The reaction quotient, symbolized as \( Q_c \), is a measure that helps determine whether a chemical reaction is at equilibrium at a given moment. It is especially useful for reactions that are still ongoing or have not yet reached equilibrium. In a chemical equation, \( Q_c \) compares the concentration of reactants and products at any moment in time. The calculation involves putting the concentrations of the products over the reactants, each raised to the power of their coefficients from the balanced equation.

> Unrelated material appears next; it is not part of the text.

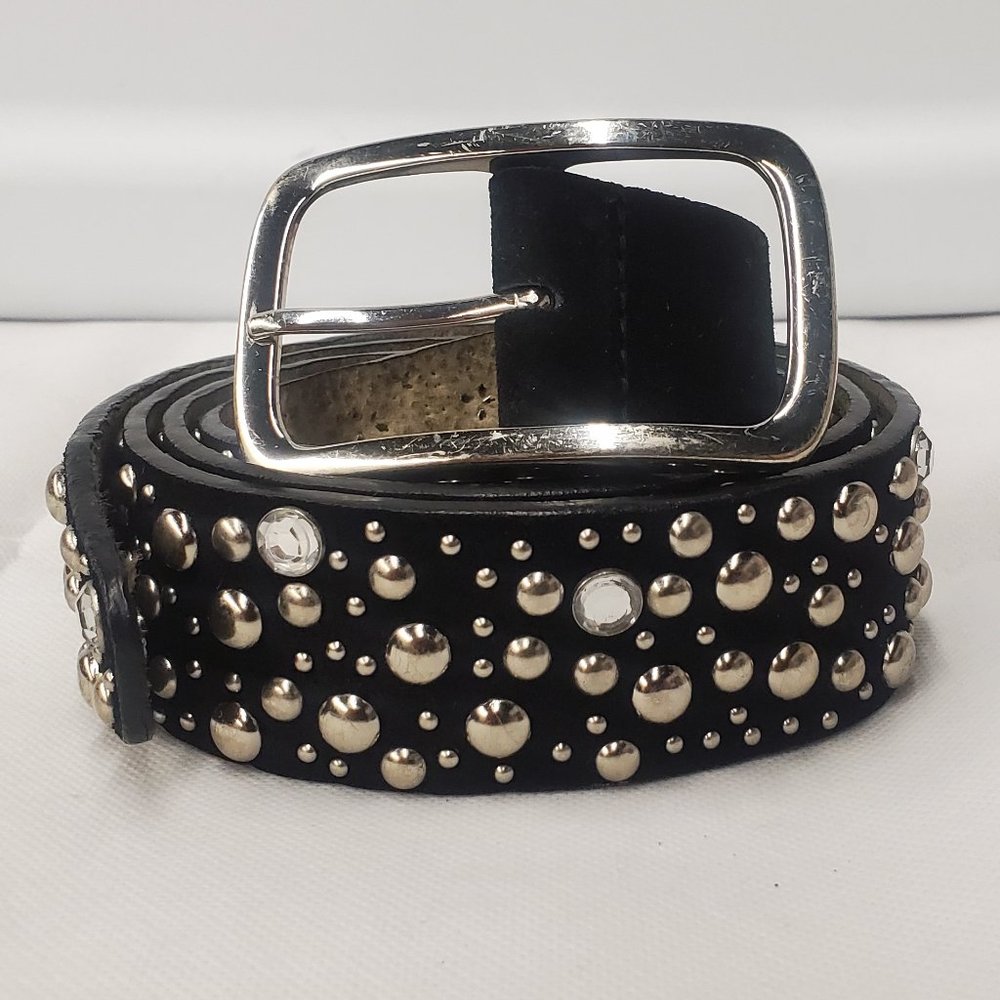 Belt
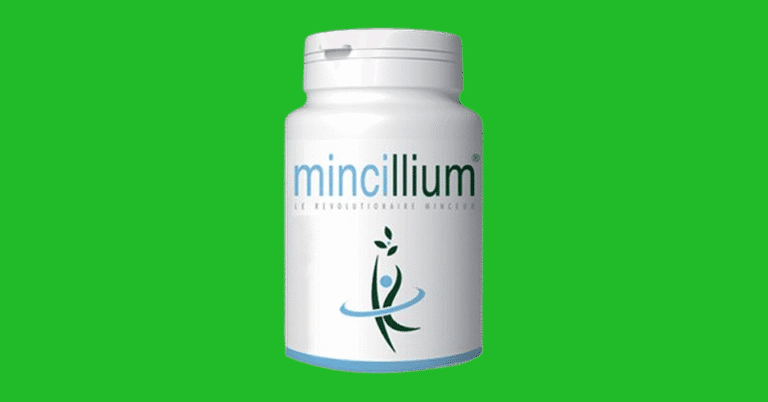 Mincillium Review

• For the dissociation of iodine molecules \( \mathrm{I}_2(g) \rightleftharpoons 2 \mathrm{I}(g) \), the expression for \( Q_c \) is \( \frac{[\mathrm{I}]^2}{[\mathrm{I}_2]} \).
• If \( Q_c = K_c \), the reaction is at equilibrium.
• If \( Q_c > K_c \), the reaction goes backward to reach equilibrium.
• If \( Q_c < K_c \), as in this exercise, the reaction continues forward.

Thus, understanding \( Q_c \) helps predict the direction of the reaction needed to reach equilibrium.

A dissociation reaction involves the breaking down of a compound into simpler components. In the case of the iodine dissociation reaction given by \( \mathrm{I}_2(g) \rightleftharpoons 2 \mathrm{I}(g) \), it describes the process where iodine molecules split into individual iodine atoms.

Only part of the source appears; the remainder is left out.